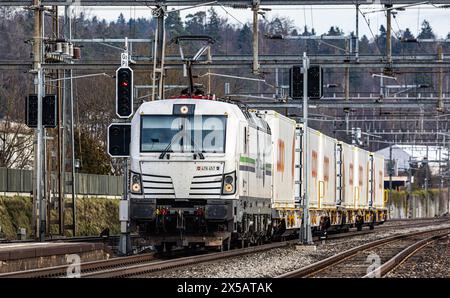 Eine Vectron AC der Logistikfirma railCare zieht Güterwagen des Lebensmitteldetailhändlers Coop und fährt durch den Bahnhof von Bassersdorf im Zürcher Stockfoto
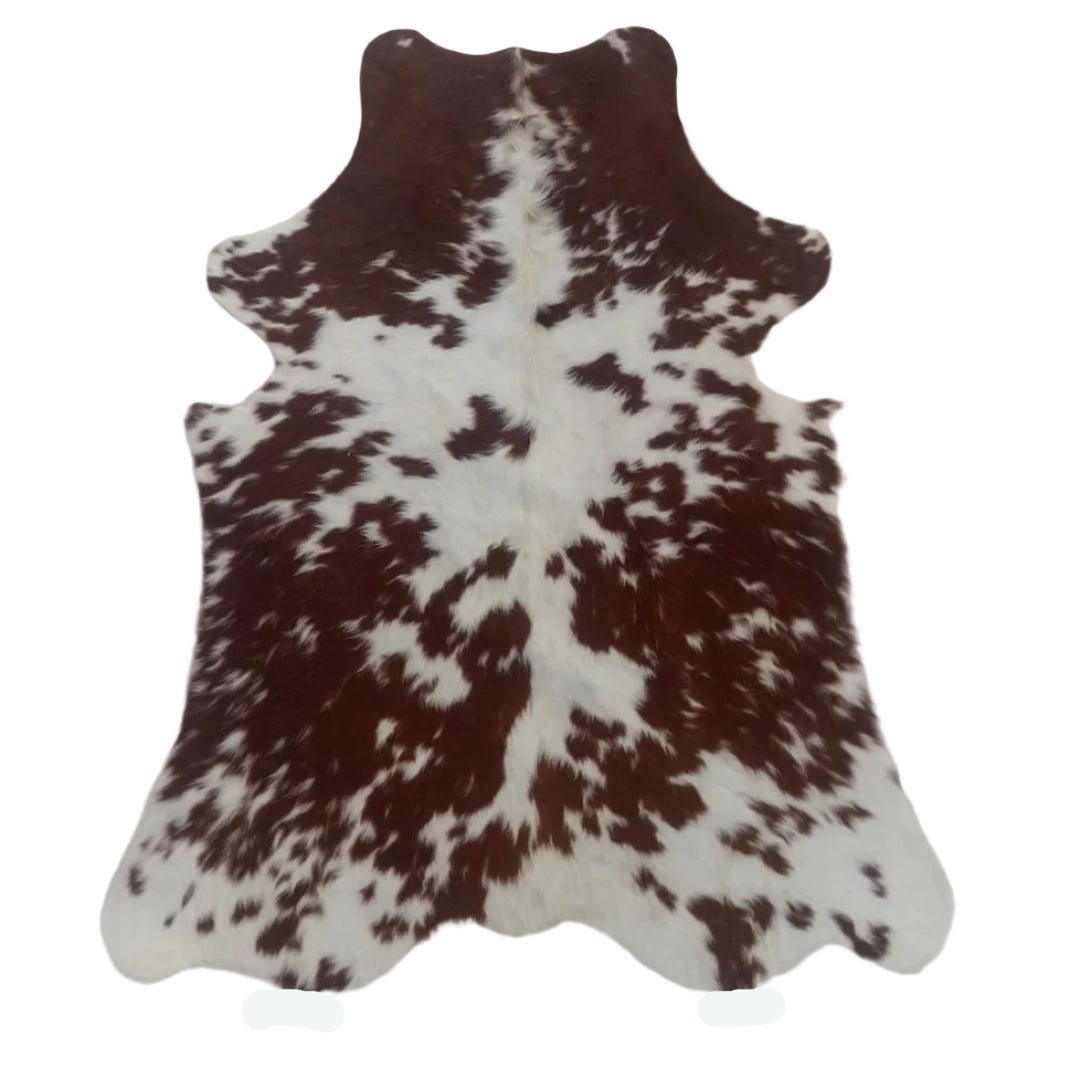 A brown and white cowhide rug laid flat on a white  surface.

* * *

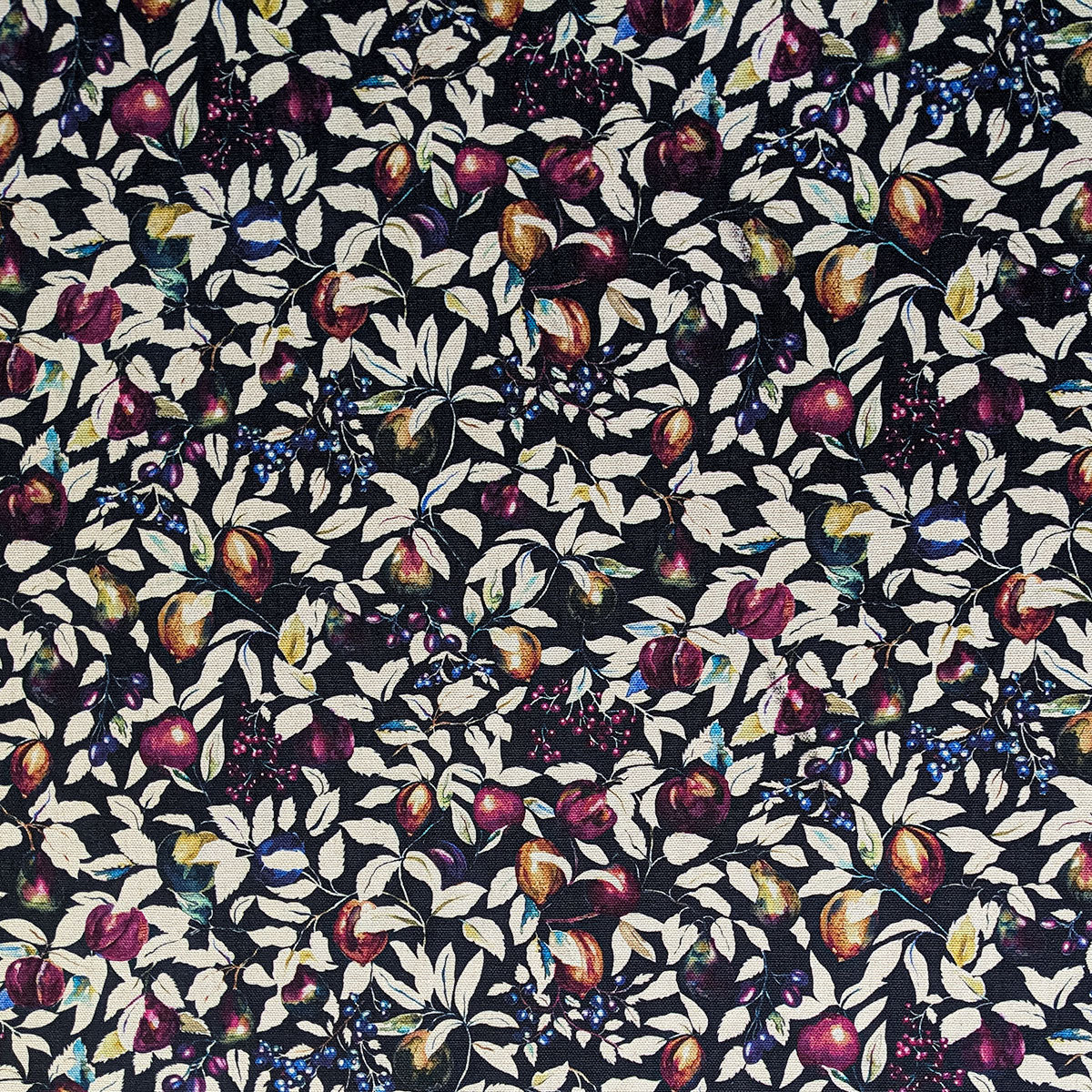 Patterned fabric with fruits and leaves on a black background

...

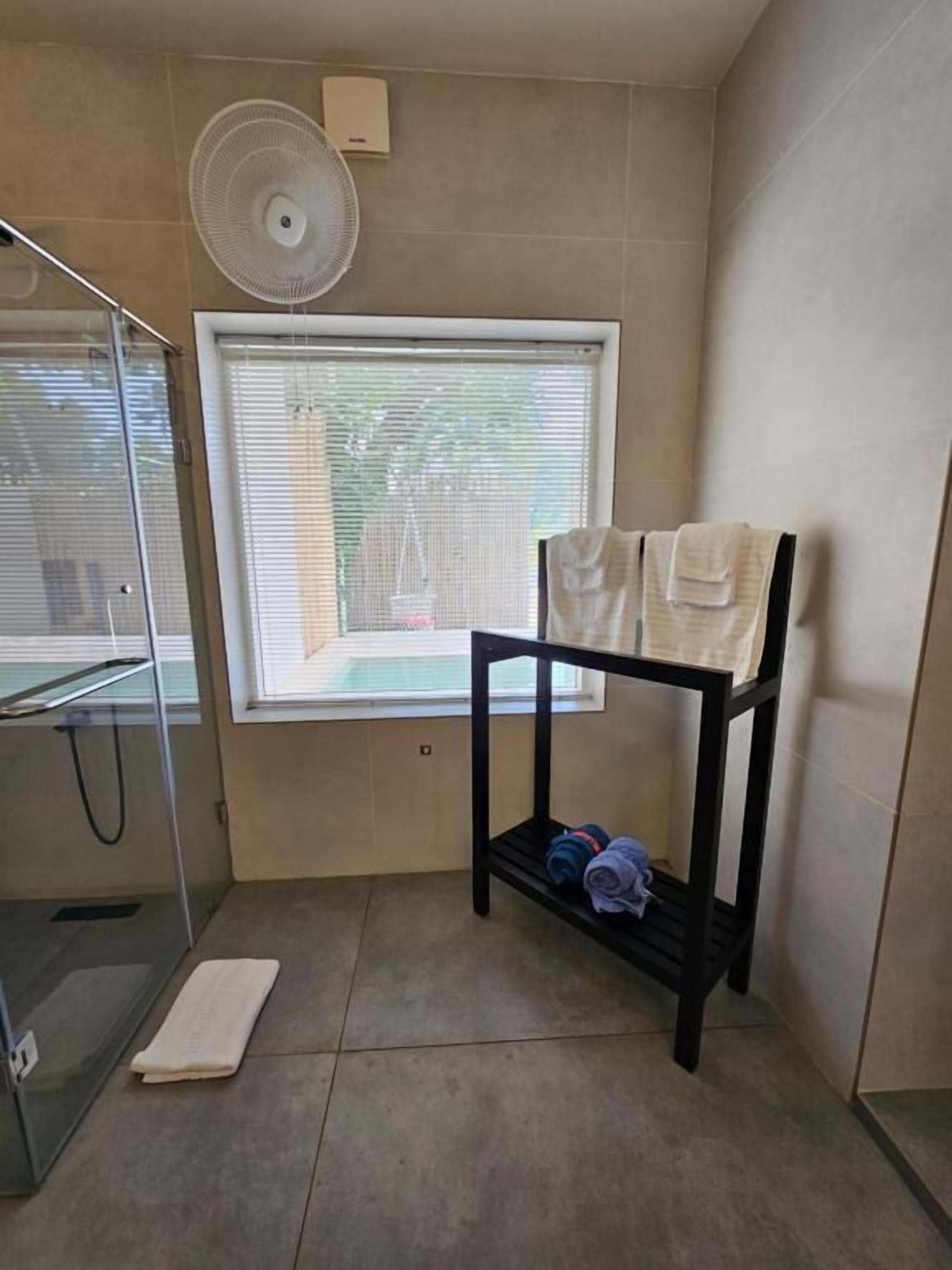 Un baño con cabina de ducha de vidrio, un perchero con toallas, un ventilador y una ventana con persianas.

DIRECTIONS FOR THIS TASK:
Copy exactly the material above from the line with "Eine Vectron AC" to the line with "A brown and", ends included, and nothing else. Leave out any picture.

EXERCISE OUTPUT:
 Eine Vectron AC der Logistikfirma railCare zieht Güterwagen des Lebensmitteldetailhändlers Coop und fährt durch den Bahnhof von Bassersdorf im Zürcher Stockfoto
 A brown and white cowhide rug laid flat on a white  surface.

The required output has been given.